E poi il tema della ricerca, l’annosa questione dei nostri ricercatori e delle nostre ricercatrici che alla fine scappano all’estero perché in Italia sono sottopagati. Ma coniugare tutto questo a un tema di genere è complicato, non è meramente una questione di soldi, oltre al fatto che sempre dovrebbe valere la regola che si premia il merito e non l’appartenenza a questa o quella categoria o a questo o quell’altro genere. Il problema forse è più profondo.
Come ha sottolineato Margherita Hack già oltre un decennio fa, è legato agli stereotipi più che alla quantità di finanziamenti. È chiaro che siano necessari più soldi per la ricerca e per l’istruzione, ma l’imbuto si crea poi nel mondo del lavoro: se ancora sopravvive l’idea che certi ruoli siano prettamente o principalmente maschili, non se ne esce. Ed è difficile che a più donne venga voglia di cimentarsi in percorsi di studi complicati per poi ritrovarsi in un imbuto o senza vere prospettive di carriera. Non si tratta di garantire una sorta di ‘quota rosa’: qui mancano proprio le iscritte ai corsi. E non è difficile immaginare che la ragione sia proprio nella percezione di una mancanza di sbocchi concreti.
Proprio nei giorni scorsi, e con scarsa eco mediatica, è andata in scena la protesta dei ricercatori che hanno appeso camici ai cancelli e alle porte dei laboratori per esprimere il loro dissenso nei confronti di un sistema che li costringe al precariato anche ben oltre i 30 anni, a prescindere da quanto lodevole sia stato il percorso di studi. Questo riguarda sia gli uomini che le donne, ovviamente. Ma certo probabilmente incide di più su chi magari vorrebbe anche diventare mamma, oltre che avere un posto di lavoro dignitoso e con qualche garanzia.

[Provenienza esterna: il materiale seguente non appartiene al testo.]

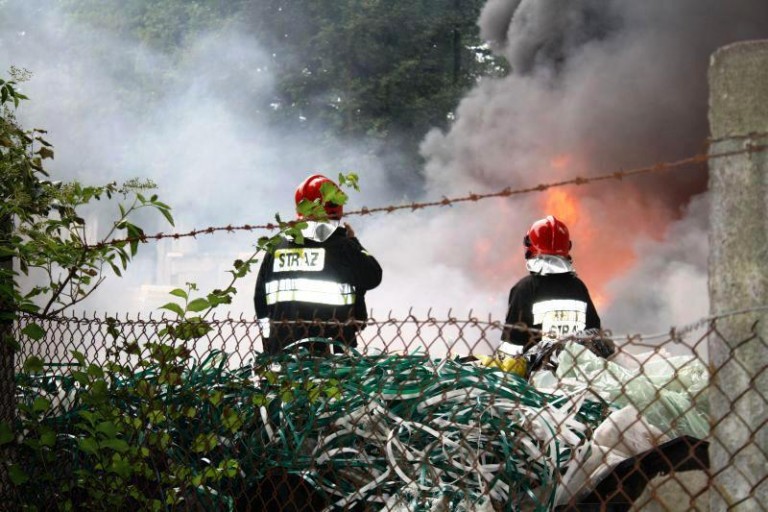 Strażacy – trzeba pozamykać okna!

Un miliardo sull’istruzione è sempre buona cosa, ma è chiaro che di per sé non determina alcun aumento automatico della partecipazione femminile ai corsi Stem. Le problematiche legate al mondo della scuola stanno riesplodendo in modo prepotente, a cominciare dalla questione Maturità, esame pressoché inutile, fino all’alternanza scuola-lavoro.
Non è un caso che gli studenti tornino in piazza, era da tempo che non si registrava un movimento così attivo: la speranza è che dal muro contro muro delle scorse settimane e da quella brutta pagina di scontri con le forze dell’ordine si arrivi poi a un dialogo che sia realmente costruttivo. Probabilmente in questo la pandemia ha fatto da detonatore: ora che si vede la fine dell’emergenza i problemi riesplodono, ma sono questioni annose a cui purtroppo fino a ora non si è stati in grado di dare risposte strutturali.